#### Instructions for the task
Copy each record below faithfully, leaving out images.

(Dataset entries)
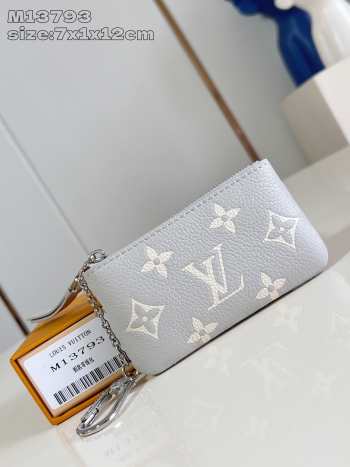 Uubags Louis Vuitton M13793 Key Pouch Brume Gray/ White Quartz 12x7x1.5cm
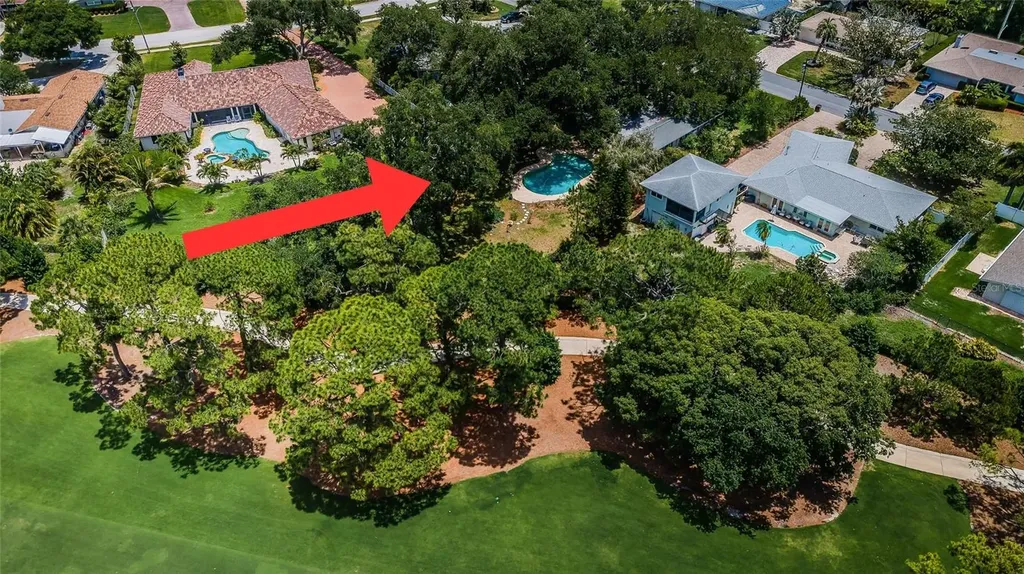 1704 Cypress Avenue Belleair FL 33756
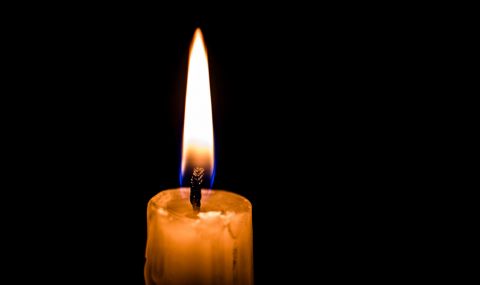 Почина обичан комик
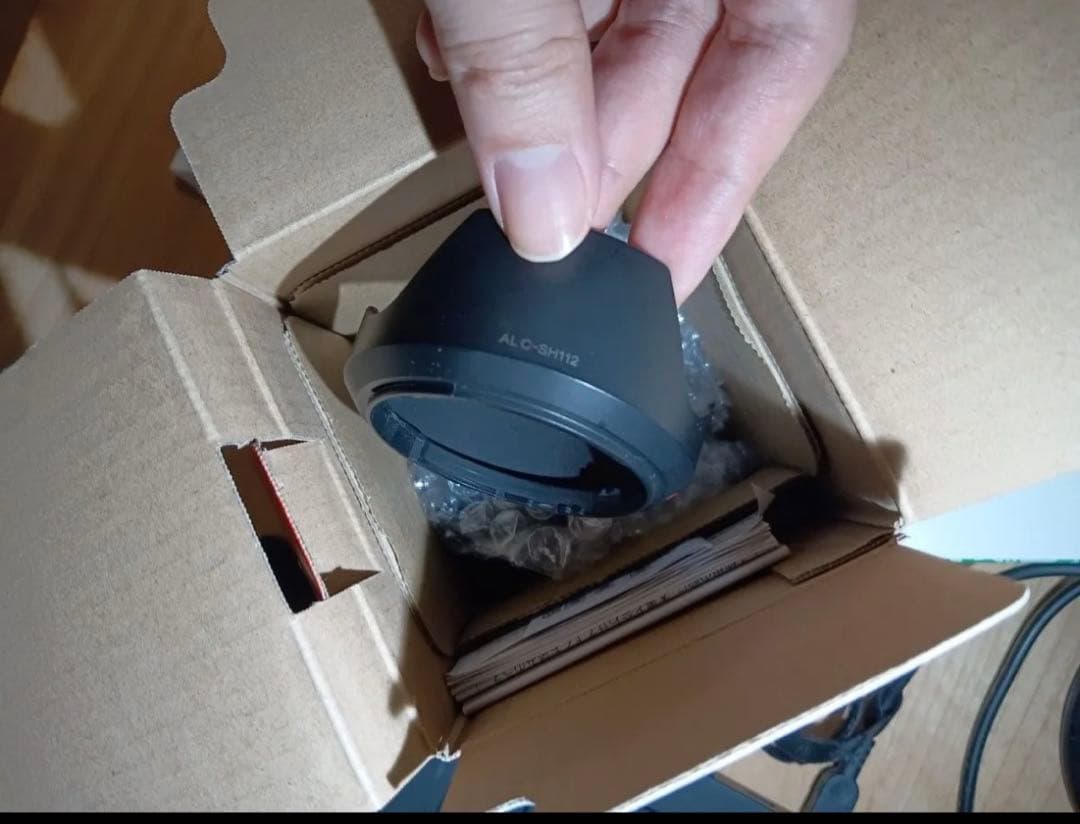 SONY 35mm f1.8 OSS 中古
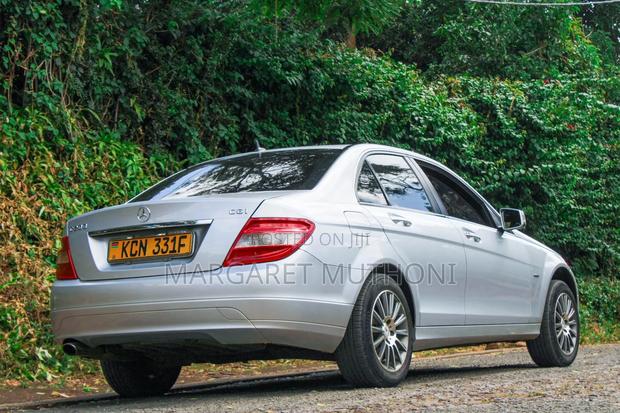 Mercedes-Benz C200 2010 Silver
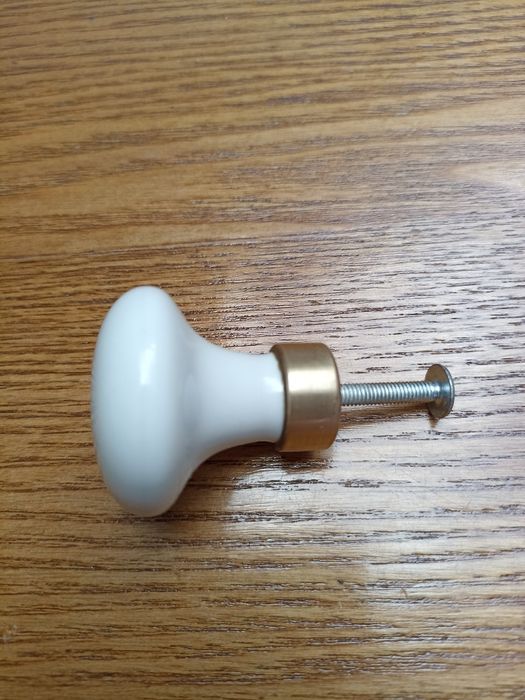 Ручка керамическая, бронзовый наконечник для крепления.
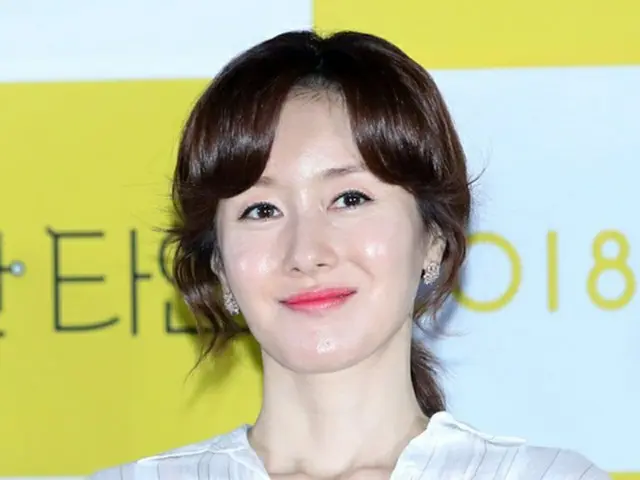 韓国女優キム・ジス（45）が、映画「完璧な他人」のインタビューに遅刻及び中止、そして飲酒騒動に関して取材陣に謝罪した。（提供:news1）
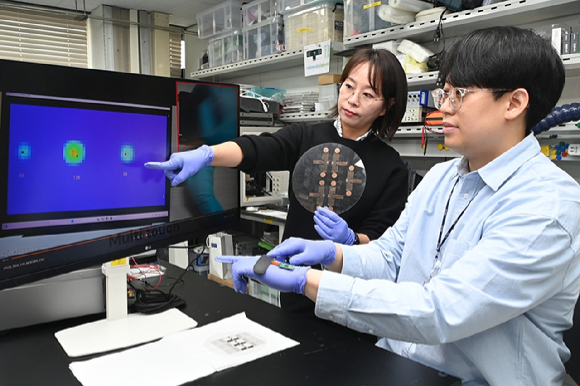 ETRI 연구진이 인시튜 공정 기반으로 제작한 전자피부에 대해 논의하는 모습. [사진=ETRI]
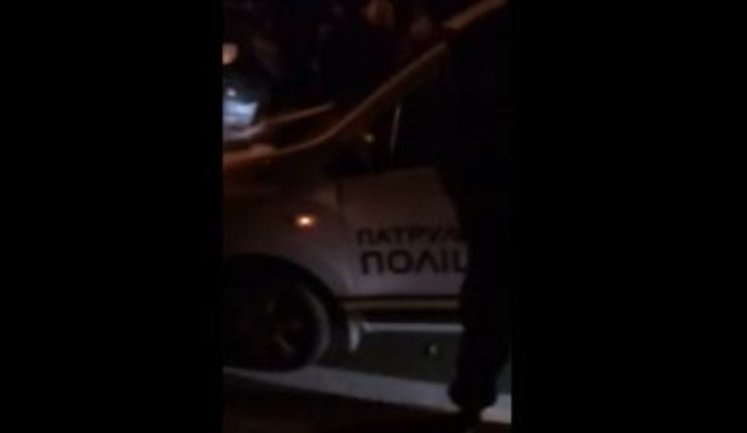 В результате стычки с полицией на месте скандального строительства АЗС в Киеве задержаны три активиста. ВИДЕО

#### Task answer
 Uubags Louis Vuitton M13793 Key Pouch Brume Gray/ White Quartz 12x7x1.5cm
 1704 Cypress Avenue Belleair FL 33756
 Почина обичан комик
 SONY 35mm f1.8 OSS 中古
 Mercedes-Benz C200 2010 Silver
 Ручка керамическая, бронзовый наконечник для крепления.
 韓国女優キム・ジス（45）が、映画「完璧な他人」のインタビューに遅刻及び中止、そして飲酒騒動に関して取材陣に謝罪した。（提供:news1）
 ETRI 연구진이 인시튜 공정 기반으로 제작한 전자피부에 대해 논의하는 모습. [사진=ETRI]
 В результате стычки с полицией на месте скандального строительства АЗС в Киеве задержаны три активиста. ВИДЕО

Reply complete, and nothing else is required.